Greater intensity burns more calories.
The stationary cycle may not be the most popular kid on the gym floor, but it can be a good buddy if your goal is to do a cardio workout. You can adjust the intensity of your workout to meet your fitness needs, which means beginners and gym rats can both get a solid session. If your intention is to stimulate a big calorie burn, you can achieve that too on a stationary cycle, but you'll have to pedal intensely for the full 30 minutes to make it as effective as other cardio activities.
Calories burned while using a stationary bike vary based on body weight, length of the workout and your level of intensity.
Know the Numbers
A 130-pound person burns approximately 162 calories per half hour pedaling at a light intensity on the stationary bike, while a moderate intensity sizzles 206. If you put almost no resistance on the machine, that same person will burn just 88 calories in the same amount of time. If you push at a vigorous to very vigorous intensity, you could burn between 310 to 369 calories in 30 minutes.
Consider Your Size
You burn a greater number of calories on the bike the more you weigh, because your body needs to fuel a larger engine so to speak. For example, a 155-pound person burns 246 calories during 30 minutes biking at moderate intensity while a 205-pound person burns 325. With vigorous effort, the 205-pound person can burn 488 calories while the 155-pound person burns 369.
Try a Class
Stationary cycles come in the motorized versions you see out on the gym floor and also in a weighted-flywheel versions that you encounter in indoor group cycling classes. The website "Spinning" says you could burn between 400 and 600 calories in a typical 40-minute class. If you stay for just three-quarters of it, or 30 minutes, you can expect to burn between 300 and 450 calories.

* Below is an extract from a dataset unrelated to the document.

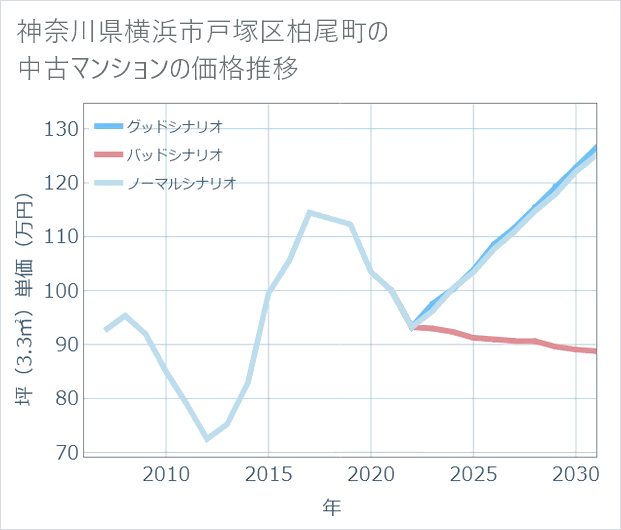 神奈川県横浜市戸塚区柏尾町の中古マンション価格推移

Compare with Other Activities
The stationary bike provides a good calorie burn and cardio challenge when you push your intensity. In the same 30 minutes, a run at 5 mph burns 236 calories in a 130-pound person, which is less than a vigorous-intensity session on the bike. Once she speeds up on the run, however, she will burn more calories. For example, a 130-pound person running at 8 mph burns 398 calories in a half hour, but she will experience greater impact on her joints. Running at this speed also requires a high level of skill and fitness. When compared to other low-impact exercises, such as swimming, riding a stationary bike is comparable in terms of calorie burn. A 30-minute session of slow freestyle laps burns 206 calories in a 130-pound person, while a brisk 4.5 mph walk burns 186.